Monday, Nov. 01, 2004

Hallo... you're a weener

I just watched a guy on Vh1 who wanted (and got) the name "Curly" tattooed on his penis as a tribute to his favorite member *snort* of the Three Stooges.

Happy Halloween.

My Halloween wasn't too fantastic.

First I slept in way too late and missed the few hours I would have my mom to myself. Then I had an abrupt awakening that brought me to pathetic four-year old like tears.

While watching a movie with the family, I somehow pissed Ernie off. I guess he told my mom that I was "rude", but honestly I don't get what I did.

It upset me at first, I cried (again),and then tried to ignore it because I hate being a downer with mom.

I kinda forgot about whie handing out candy since Loopy was funny to watch going nuts at the sight of little people in strange costumes ringing her doorbell.

She was especially upset when she realized I was giving out candy.
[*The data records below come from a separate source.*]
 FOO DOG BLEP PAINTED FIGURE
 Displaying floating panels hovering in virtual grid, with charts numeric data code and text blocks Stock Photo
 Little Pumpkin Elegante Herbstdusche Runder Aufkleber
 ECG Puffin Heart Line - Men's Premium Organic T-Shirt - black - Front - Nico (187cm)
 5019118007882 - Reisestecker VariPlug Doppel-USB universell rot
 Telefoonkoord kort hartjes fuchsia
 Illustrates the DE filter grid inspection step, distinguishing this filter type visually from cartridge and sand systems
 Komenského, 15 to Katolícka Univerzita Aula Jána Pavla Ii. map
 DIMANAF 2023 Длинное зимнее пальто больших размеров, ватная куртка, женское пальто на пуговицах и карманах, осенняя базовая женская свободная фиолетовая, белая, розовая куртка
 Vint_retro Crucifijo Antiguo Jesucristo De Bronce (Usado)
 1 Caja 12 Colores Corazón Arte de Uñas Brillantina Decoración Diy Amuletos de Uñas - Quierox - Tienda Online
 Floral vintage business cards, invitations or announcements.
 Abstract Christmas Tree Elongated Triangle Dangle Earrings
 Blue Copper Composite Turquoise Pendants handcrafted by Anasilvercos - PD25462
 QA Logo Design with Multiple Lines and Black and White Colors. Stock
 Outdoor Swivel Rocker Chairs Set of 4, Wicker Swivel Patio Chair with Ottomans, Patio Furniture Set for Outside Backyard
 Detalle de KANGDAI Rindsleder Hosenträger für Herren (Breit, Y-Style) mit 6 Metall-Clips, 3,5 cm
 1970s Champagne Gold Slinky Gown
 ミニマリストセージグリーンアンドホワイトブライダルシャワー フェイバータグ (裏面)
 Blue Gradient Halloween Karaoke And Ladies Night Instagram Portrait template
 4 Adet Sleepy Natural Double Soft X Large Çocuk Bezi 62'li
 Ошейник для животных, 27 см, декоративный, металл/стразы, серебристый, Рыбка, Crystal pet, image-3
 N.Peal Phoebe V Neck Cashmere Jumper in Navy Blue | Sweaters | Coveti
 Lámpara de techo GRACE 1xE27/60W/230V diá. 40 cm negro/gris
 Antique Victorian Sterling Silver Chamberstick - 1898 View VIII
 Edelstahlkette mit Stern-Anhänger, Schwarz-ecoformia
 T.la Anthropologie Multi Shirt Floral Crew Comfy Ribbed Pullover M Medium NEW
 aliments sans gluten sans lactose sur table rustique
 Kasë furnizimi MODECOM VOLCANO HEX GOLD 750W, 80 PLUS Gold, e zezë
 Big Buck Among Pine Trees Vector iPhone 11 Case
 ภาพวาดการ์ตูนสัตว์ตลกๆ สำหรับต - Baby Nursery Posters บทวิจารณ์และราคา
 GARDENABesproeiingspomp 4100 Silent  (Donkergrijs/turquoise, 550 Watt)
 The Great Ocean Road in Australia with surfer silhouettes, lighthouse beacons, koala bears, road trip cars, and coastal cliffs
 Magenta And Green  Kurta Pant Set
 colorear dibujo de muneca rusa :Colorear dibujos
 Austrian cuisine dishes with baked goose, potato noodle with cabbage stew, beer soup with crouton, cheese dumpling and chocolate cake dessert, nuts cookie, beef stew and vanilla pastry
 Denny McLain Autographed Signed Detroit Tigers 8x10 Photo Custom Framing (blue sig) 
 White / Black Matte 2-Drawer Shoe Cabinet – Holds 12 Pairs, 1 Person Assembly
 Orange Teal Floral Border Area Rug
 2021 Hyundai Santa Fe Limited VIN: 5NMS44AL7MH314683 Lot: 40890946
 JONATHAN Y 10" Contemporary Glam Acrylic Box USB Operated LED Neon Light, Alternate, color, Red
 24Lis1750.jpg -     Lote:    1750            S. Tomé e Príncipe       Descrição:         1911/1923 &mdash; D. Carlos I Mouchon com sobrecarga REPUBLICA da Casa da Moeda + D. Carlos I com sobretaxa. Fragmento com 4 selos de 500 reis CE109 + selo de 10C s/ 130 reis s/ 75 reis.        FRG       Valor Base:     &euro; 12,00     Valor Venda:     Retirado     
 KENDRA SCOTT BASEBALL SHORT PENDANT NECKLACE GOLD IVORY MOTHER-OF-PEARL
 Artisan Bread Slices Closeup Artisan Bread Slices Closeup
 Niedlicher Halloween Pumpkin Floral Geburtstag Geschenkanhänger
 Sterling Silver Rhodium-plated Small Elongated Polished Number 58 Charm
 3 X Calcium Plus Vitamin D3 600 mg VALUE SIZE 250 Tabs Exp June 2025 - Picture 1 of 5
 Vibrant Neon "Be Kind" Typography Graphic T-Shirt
After that she was hilarious because she ran in cirlces while shout barking as if to say "GET THE HELL OFF MY PORCH!!! NOOOOOOO DON'T GIVE OUT THE CANDY!! THAT'S OUR CANDY!!!!!!"

Lots of fun having her around.

Later in the shower I thought more about the situation with Captain Fussy Pants and I became seriously pissed off.

I didn't want to get out like that and risk staying that way, so I shaved my legs (yeah, thats my logic, I do my angry thinking with a razor blade next to the major veins in my legs) and thought about it some more.

I worked myself down to an annoyed, ticked off state.

I can understand that he's stressed and worried about lots of things right now, but I don't appreciate being given the cold shoulder because he wants to throw a hissy fit everytime I dont laugh at one of his little jokes.

It's stupid and immature when my mom and I act like we're 13 and make fart jokes or talk like Bevis and butthead while watching cartoons, but it's supposed to be just so fucking hilarious when he acts like a 7 year old boy when people are trying to watch a movie (it was Vin Diesel for fucks sake...VIN DIESEL!!!)

I'm banking on him getting the hell over this by tomorrow, otherwise I may have to snap and call him out on his bullshit. I don't have the tome or strength to go ino and Ernie enduced depression.

I am so damn close to for once actually being living in a clean area that I can keep up and not be ashamed to show people while also being caught up in my school work.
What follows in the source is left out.